───── Supplied material

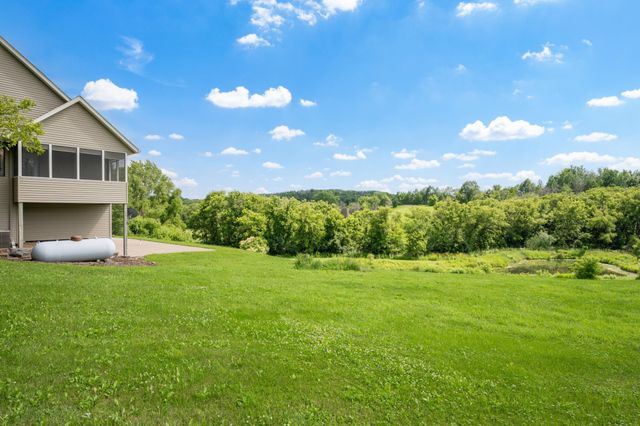 54185 232nd Avenue, West Concord, MN 55985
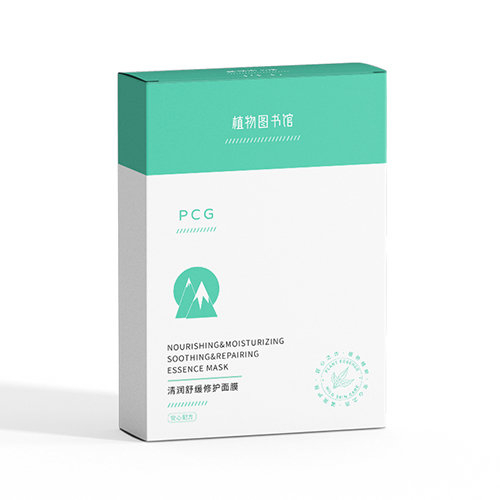 祛痘产品前五强哪个牌子好 十大好用不贵的护肤品排行榜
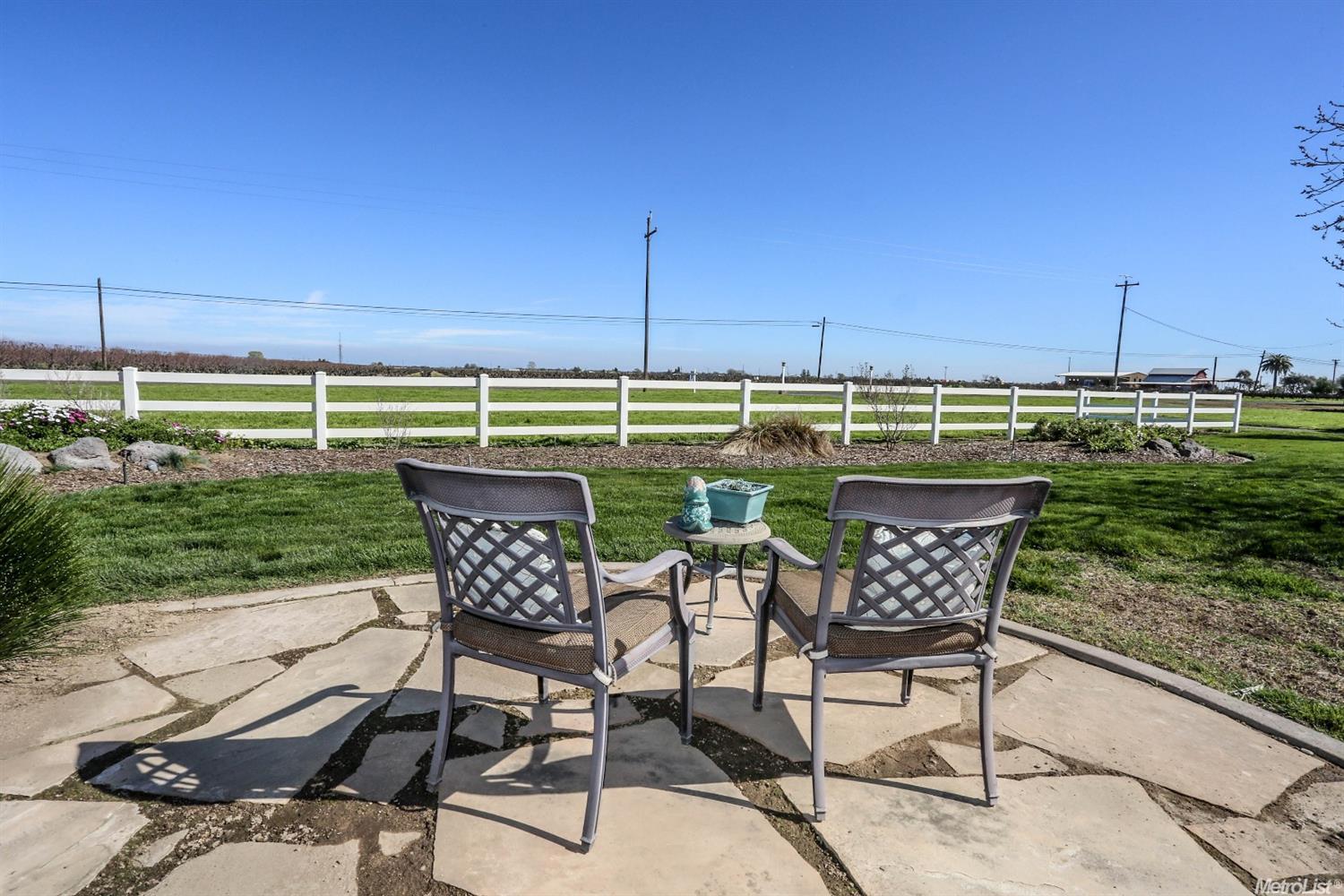 21999 N Ray Rd, Lodi, CA 95242 photo 20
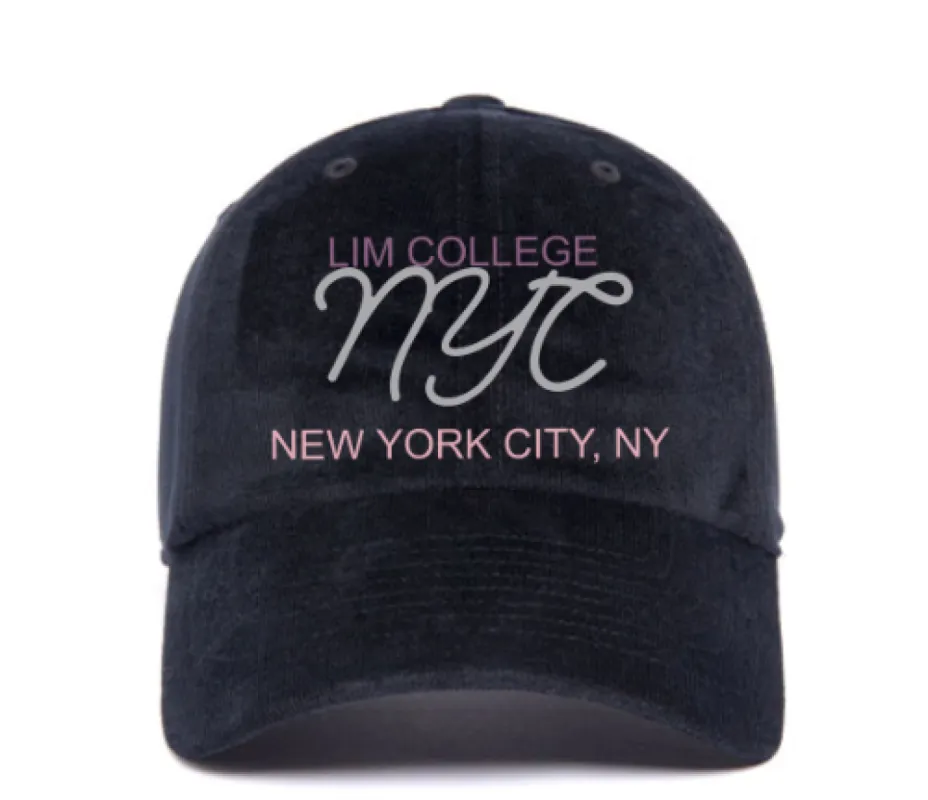 Hat Customizer sold by Hood Hat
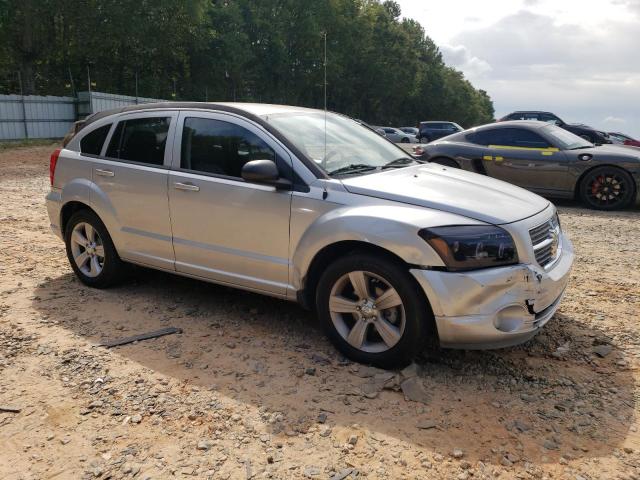 Photo 4 from auction – 2011 DODGE CALIBER MA with VIN 1B3CB3HA5BD268450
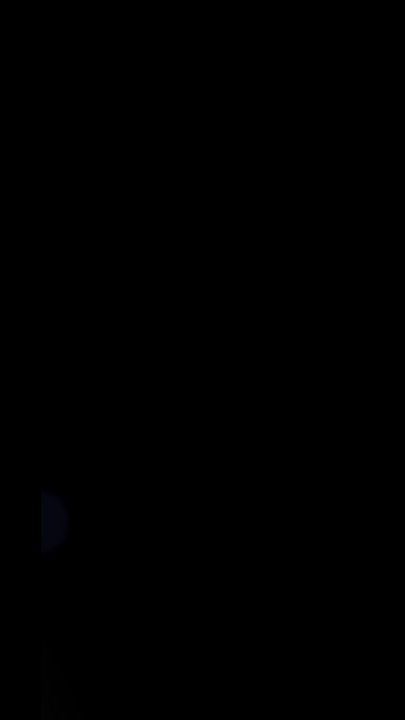 TikTok video thumbnail by gimmie2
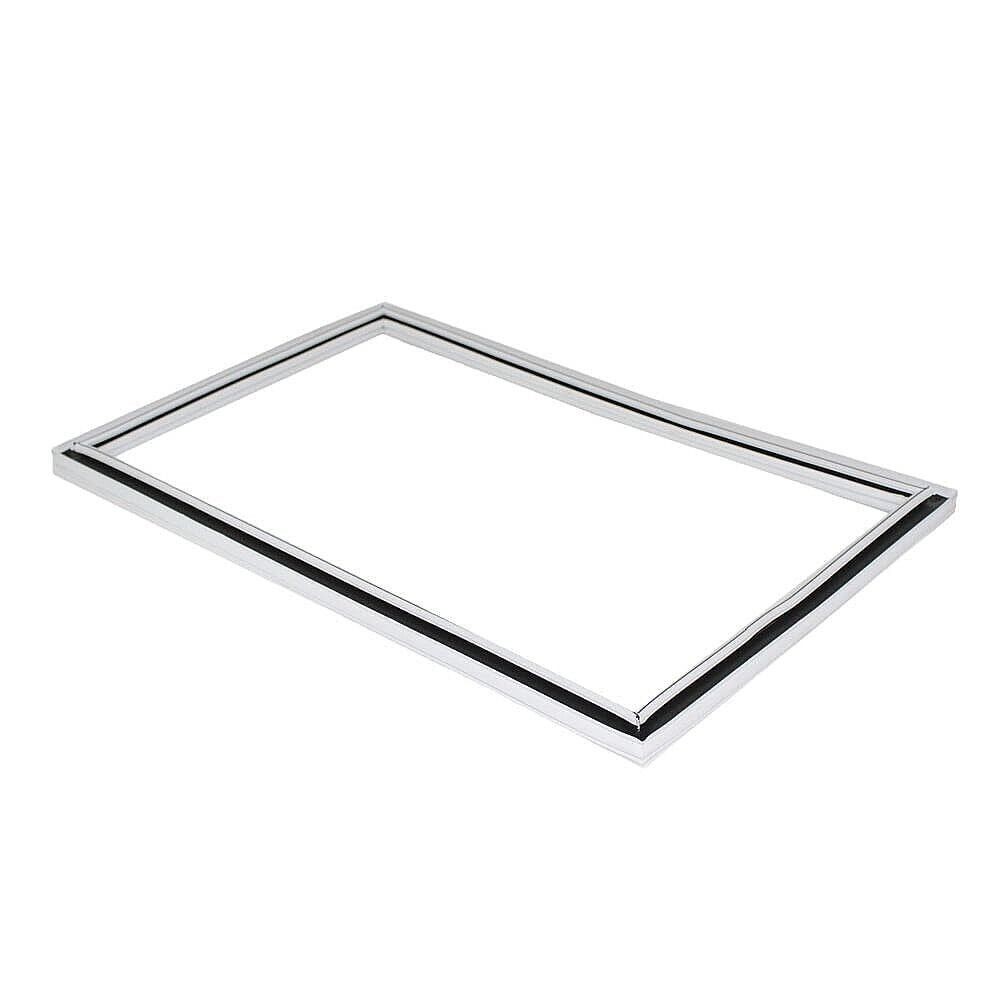 ERP Refrigerator Door Gasket for Frigidaire FFTR1821QW2 FFTR1814QW4A FFTR1814TW4 gallery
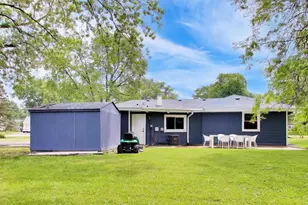 10 Rugby Rd, Lake Zurich, IL 60047 - Photo 31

──────────

- _Task to complete_
Excluding the pictures, output every entry above without alteration.

- _Final answer_
 54185 232nd Avenue, West Concord, MN 55985
 祛痘产品前五强哪个牌子好 十大好用不贵的护肤品排行榜
 21999 N Ray Rd, Lodi, CA 95242 photo 20
 Hat Customizer sold by Hood Hat
 Photo 4 from auction – 2011 DODGE CALIBER MA with VIN 1B3CB3HA5BD268450
 TikTok video thumbnail by gimmie2
 ERP Refrigerator Door Gasket for Frigidaire FFTR1821QW2 FFTR1814QW4A FFTR1814TW4 gallery
 10 Rugby Rd, Lake Zurich, IL 60047 - Photo 31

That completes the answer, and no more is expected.